Assignment: Only the lines that contain the string "Hoodie" belong in the answer; pull them from the records.

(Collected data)
++++

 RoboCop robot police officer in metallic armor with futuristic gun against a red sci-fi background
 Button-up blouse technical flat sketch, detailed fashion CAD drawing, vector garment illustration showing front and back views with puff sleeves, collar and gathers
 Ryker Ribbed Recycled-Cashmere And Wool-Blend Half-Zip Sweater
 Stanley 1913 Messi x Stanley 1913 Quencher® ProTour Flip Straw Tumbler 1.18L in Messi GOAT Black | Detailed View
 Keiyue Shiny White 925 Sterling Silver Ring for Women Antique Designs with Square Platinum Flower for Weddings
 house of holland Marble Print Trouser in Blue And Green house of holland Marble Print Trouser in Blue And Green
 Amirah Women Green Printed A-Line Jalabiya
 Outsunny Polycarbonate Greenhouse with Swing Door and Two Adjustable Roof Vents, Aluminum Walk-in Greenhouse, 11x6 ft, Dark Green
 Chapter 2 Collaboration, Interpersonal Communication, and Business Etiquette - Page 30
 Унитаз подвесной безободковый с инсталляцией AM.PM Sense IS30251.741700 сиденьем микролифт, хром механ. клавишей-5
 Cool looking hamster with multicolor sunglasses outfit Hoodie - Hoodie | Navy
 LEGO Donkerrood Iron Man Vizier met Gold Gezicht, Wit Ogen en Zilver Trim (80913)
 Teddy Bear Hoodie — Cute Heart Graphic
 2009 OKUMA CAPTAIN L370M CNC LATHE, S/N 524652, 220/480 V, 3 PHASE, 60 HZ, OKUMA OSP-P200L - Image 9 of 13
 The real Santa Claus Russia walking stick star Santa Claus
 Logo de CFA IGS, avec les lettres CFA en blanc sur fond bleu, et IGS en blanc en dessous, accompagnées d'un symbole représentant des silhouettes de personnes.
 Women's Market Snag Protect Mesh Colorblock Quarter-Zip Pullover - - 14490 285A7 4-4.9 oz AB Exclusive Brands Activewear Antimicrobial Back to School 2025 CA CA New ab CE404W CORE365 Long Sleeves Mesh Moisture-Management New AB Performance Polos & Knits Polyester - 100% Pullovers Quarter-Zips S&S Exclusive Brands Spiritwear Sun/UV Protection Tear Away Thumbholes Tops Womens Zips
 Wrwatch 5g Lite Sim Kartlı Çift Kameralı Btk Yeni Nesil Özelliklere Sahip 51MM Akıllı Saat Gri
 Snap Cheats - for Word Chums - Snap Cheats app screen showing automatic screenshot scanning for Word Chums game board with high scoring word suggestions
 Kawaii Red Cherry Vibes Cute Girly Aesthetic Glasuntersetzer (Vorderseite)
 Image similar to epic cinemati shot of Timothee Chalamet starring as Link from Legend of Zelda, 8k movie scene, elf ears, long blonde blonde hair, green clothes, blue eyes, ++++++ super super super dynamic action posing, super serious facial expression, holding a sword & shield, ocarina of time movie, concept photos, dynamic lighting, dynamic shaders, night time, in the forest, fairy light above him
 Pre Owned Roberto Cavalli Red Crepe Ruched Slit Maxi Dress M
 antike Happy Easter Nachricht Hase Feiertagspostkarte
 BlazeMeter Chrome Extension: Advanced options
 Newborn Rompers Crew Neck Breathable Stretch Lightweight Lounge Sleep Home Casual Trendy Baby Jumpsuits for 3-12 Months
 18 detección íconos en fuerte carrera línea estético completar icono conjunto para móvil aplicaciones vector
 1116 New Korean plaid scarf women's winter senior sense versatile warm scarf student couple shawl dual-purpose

++++

Output of the exercise:
 Cool looking hamster with multicolor sunglasses outfit Hoodie - Hoodie | Navy
 Teddy Bear Hoodie — Cute Heart Graphic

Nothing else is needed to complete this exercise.